Work instructions: Using only the entries below, output the lines starting at the one containing "Set of 5 Double" and ending at the one containing "Hair Cutting Cape", exactly and inclusive of both, omitting the pictures.

Available data:
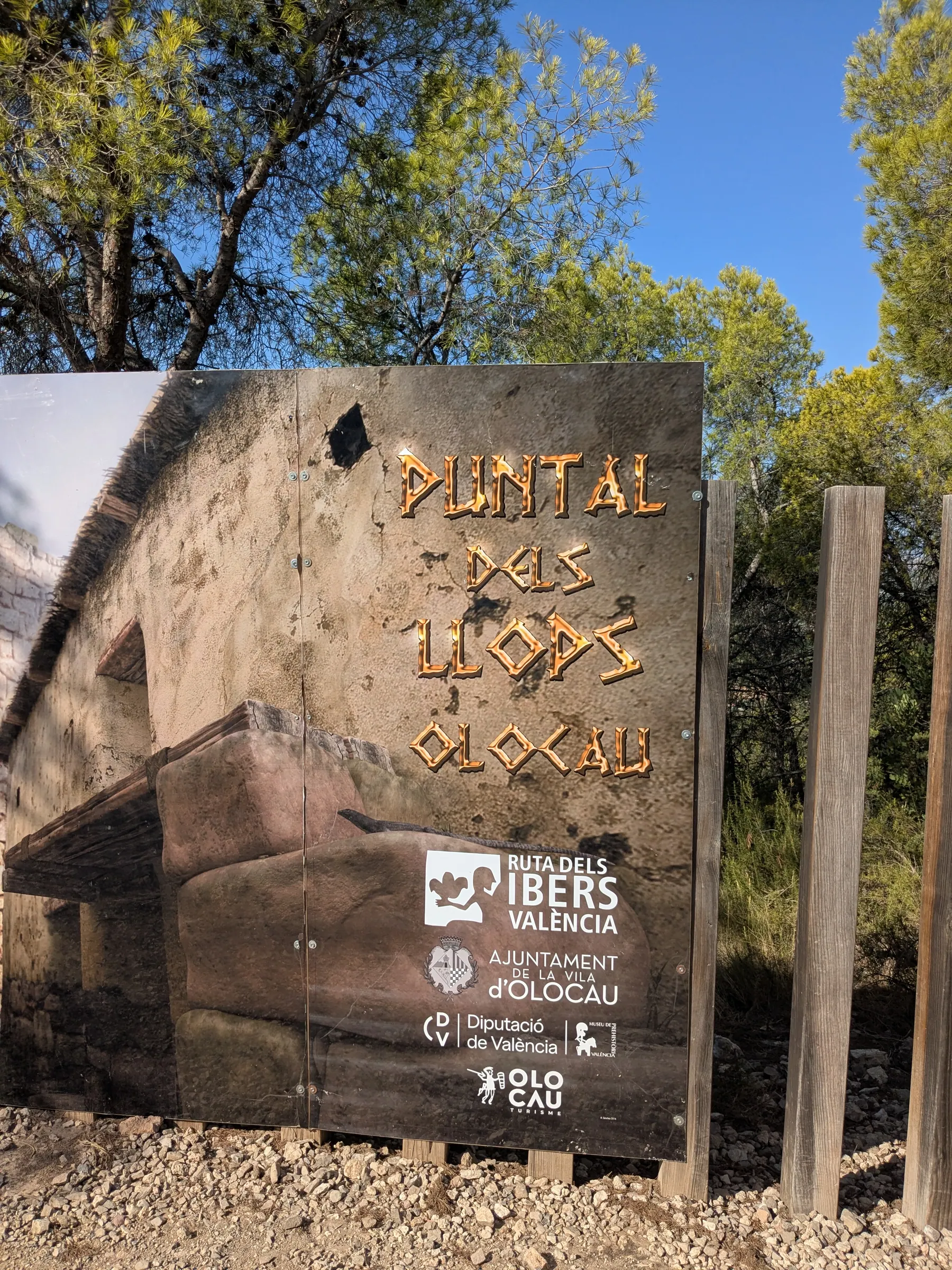 Puntal dels Llops site sign against the blue sky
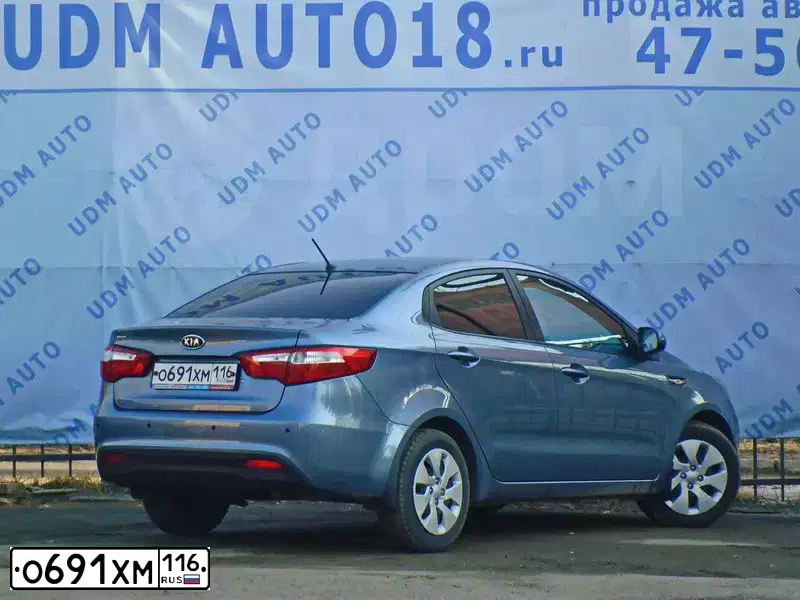 Фото автомобиля KIA RIO, 2012 — госномер К757УС18. Цвет: ГОЛУБОЙ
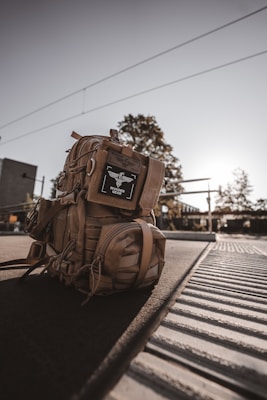 A tan tactical backpack is positioned on a train platform, illuminated by warm, backlit sunlight. The backpack features various compartments and straps, with a label displaying 'Invader Gear.' The metal tracks and grooves of the platform are visible, while trees and a modern building can be seen in the blurred background.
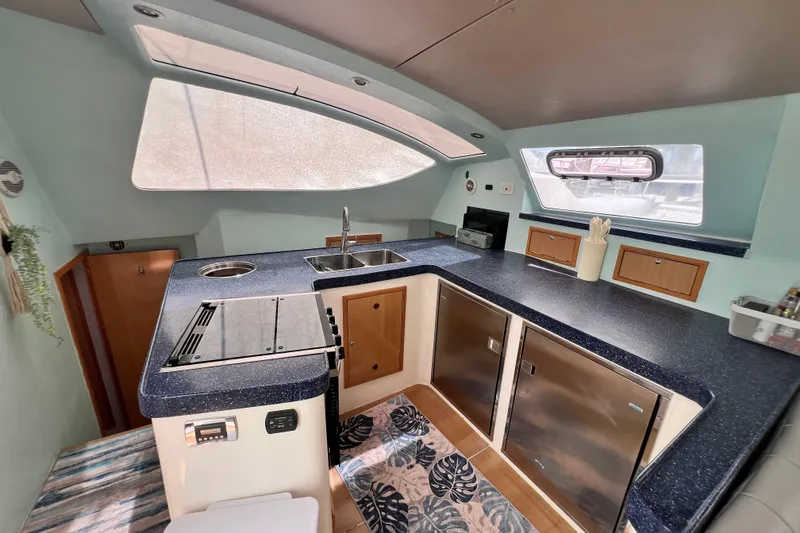 Slide: The Image of Modern kitchen interior of 2008 Admiral 40 Cruiser yacht with sleek countertops and appliances. - 42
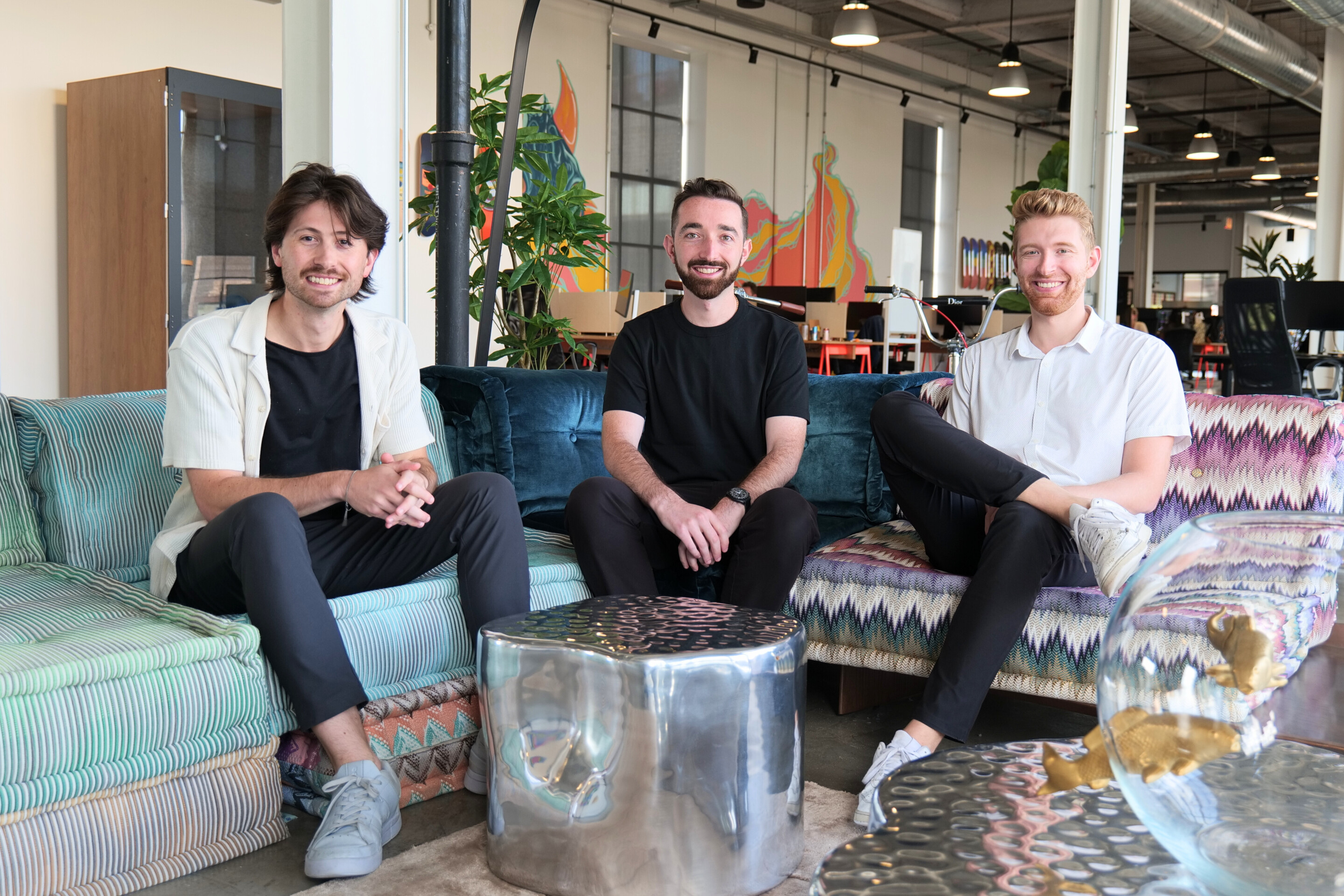 Coinflow co-founders Jake Montgomery, Daniel Lev and Benjamin Meeder seated in their Chicago office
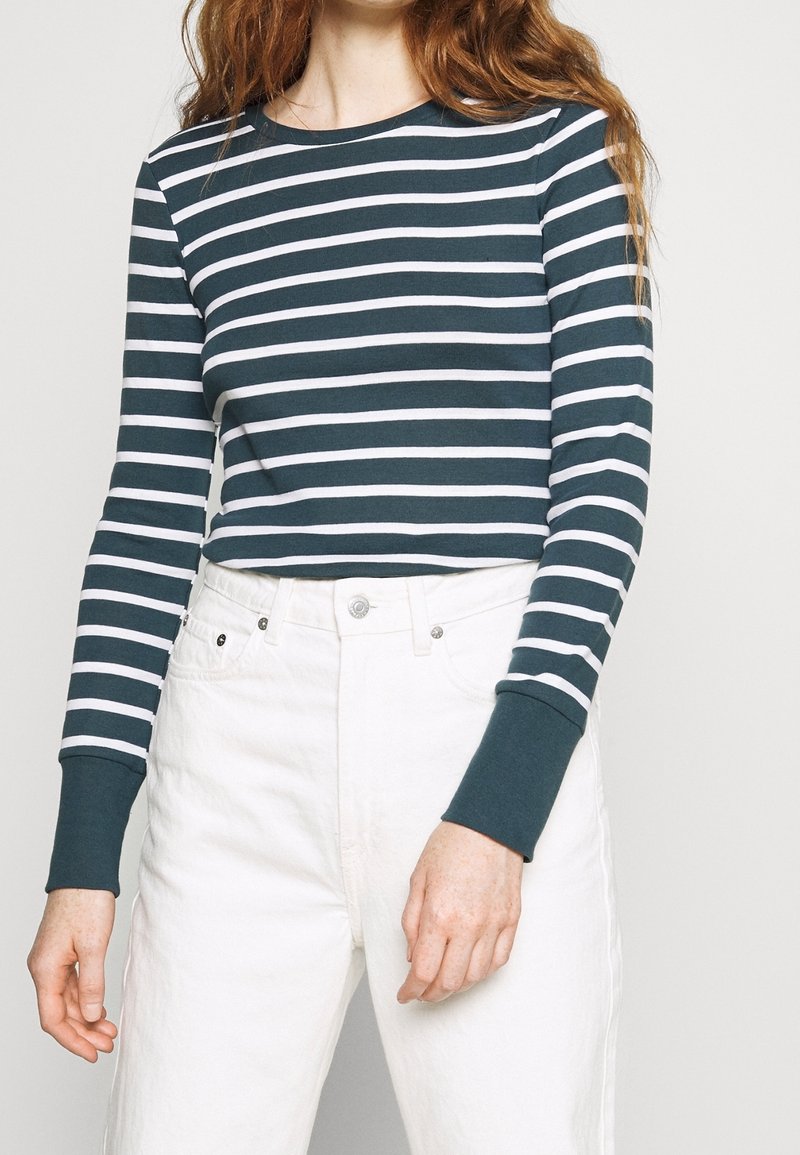 Långärmad skjorta i mörk teal med vita horisontella ränder. Har rund halsringning och åtsittande ärmslut, i kombination med vita högmidjade byxor.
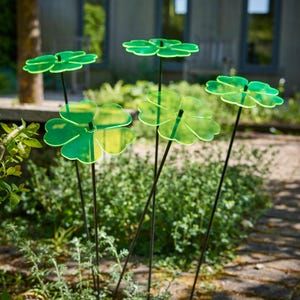 Set of 5 Double Blossom, 5 colour choice, 75cm, 29.5 inch  high, 15cm, 5.9 inch diameter. SunCatchers work without battery, drawing natural UV light, emitting glow at edges. Glowing dawn to dusk. Image shows 5 red Double Blossoms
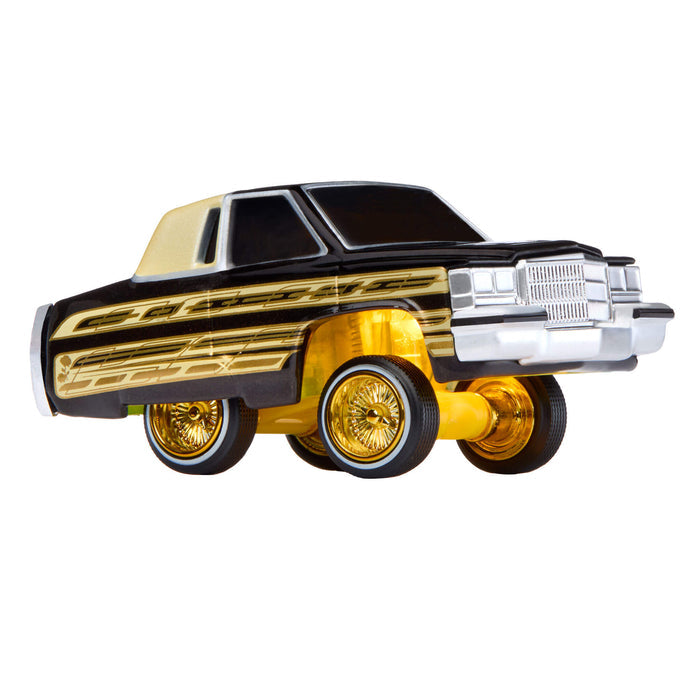 Toy car with gold and black design on a white background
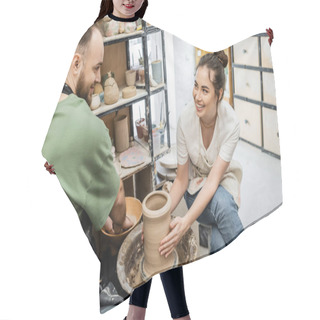 Personality  Smiling Craftswoman Shaping Clay Vase On Pottery Wheel Near Boyfriend And Bowl With Water In Studio Hair Cutting Cape
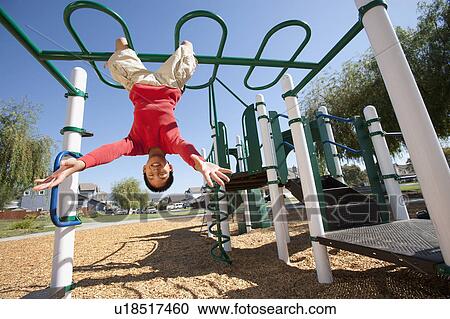 Stock Image - USA, California, Boy (12-13) climbing at playground. Fotosearch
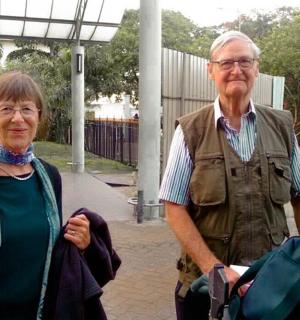 an older man and woman standing next to each other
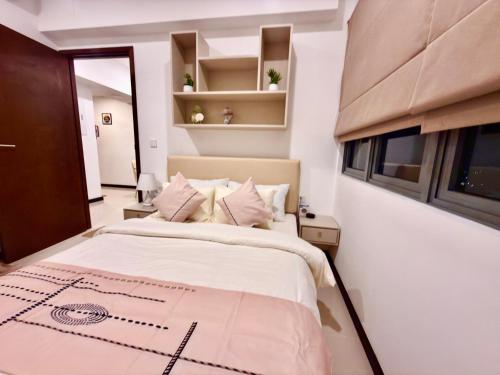 a bedroom with a large bed and a window at Trizen Colombo stylish high rise condo -Vistablu 32 in Colombo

Answer box:
 Set of 5 Double Blossom, 5 colour choice, 75cm, 29.5 inch  high, 15cm, 5.9 inch diameter. SunCatchers work without battery, drawing natural UV light, emitting glow at edges. Glowing dawn to dusk. Image shows 5 red Double Blossoms
 Toy car with gold and black design on a white background
 Personality  Smiling Craftswoman Shaping Clay Vase On Pottery Wheel Near Boyfriend And Bowl With Water In Studio Hair Cutting Cape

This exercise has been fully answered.